*INSTRUCTIONS FOR THE TASK:* Once you reach the line with "Long Sleeves Skinny" below, copy each line exactly, stopping after the line with "Crew Neck Sweatshirt, Newport", and skip any pictures.

*EXTRACTED INFORMATION:*

Content starts

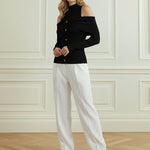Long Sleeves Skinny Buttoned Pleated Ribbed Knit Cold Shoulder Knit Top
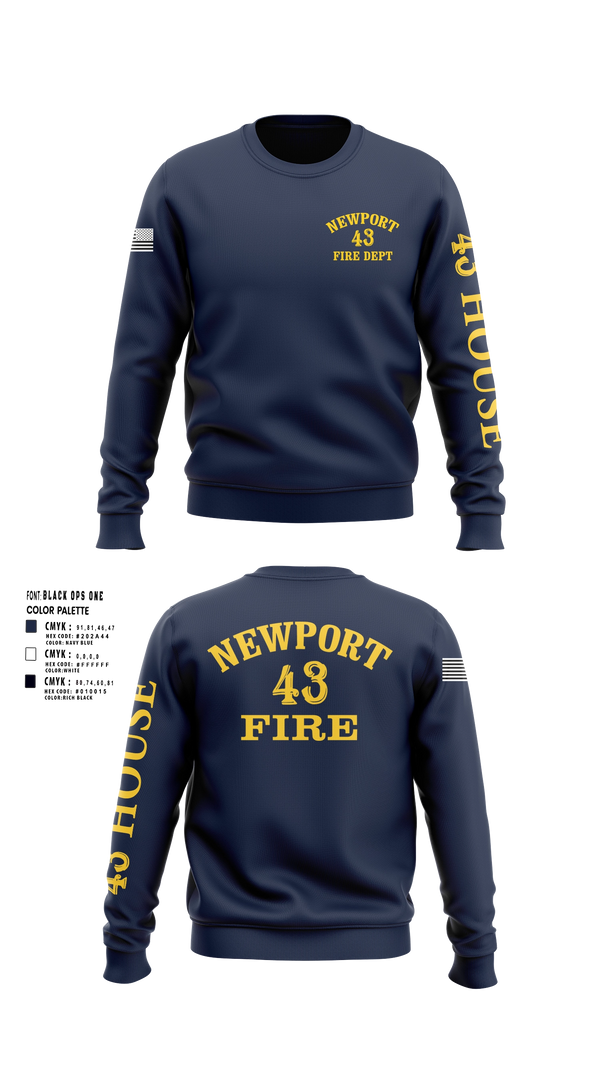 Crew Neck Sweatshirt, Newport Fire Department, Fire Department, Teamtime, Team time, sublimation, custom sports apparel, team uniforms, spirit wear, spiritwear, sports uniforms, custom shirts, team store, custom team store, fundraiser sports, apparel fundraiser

Content ends
Content starts

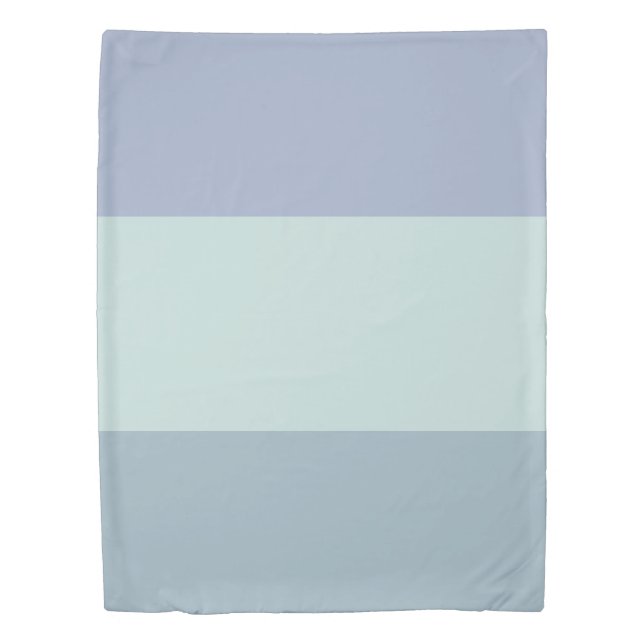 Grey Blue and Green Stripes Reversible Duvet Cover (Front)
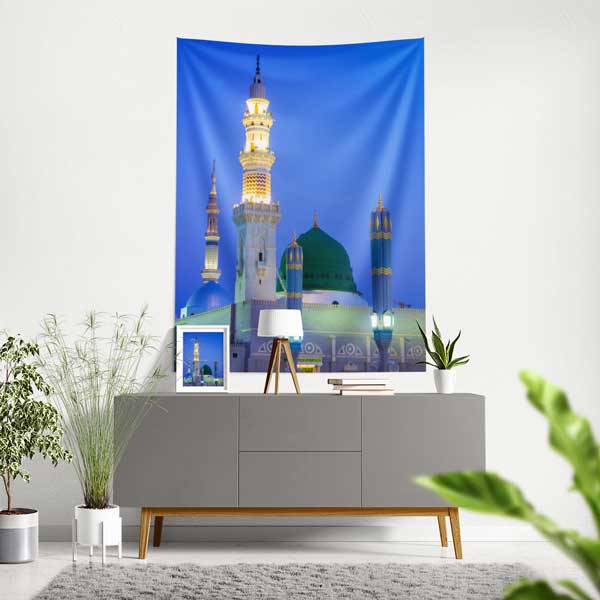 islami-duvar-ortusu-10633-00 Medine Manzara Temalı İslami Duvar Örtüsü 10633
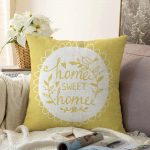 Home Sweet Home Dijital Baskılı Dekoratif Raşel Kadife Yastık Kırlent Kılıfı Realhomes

Content ends

*YOUR SOLUTION:*
Long Sleeves Skinny Buttoned Pleated Ribbed Knit Cold Shoulder Knit Top
 Crew Neck Sweatshirt, Newport Fire Department, Fire Department, Teamtime, Team time, sublimation, custom sports apparel, team uniforms, spirit wear, spiritwear, sports uniforms, custom shirts, team store, custom team store, fundraiser sports, apparel fundraiser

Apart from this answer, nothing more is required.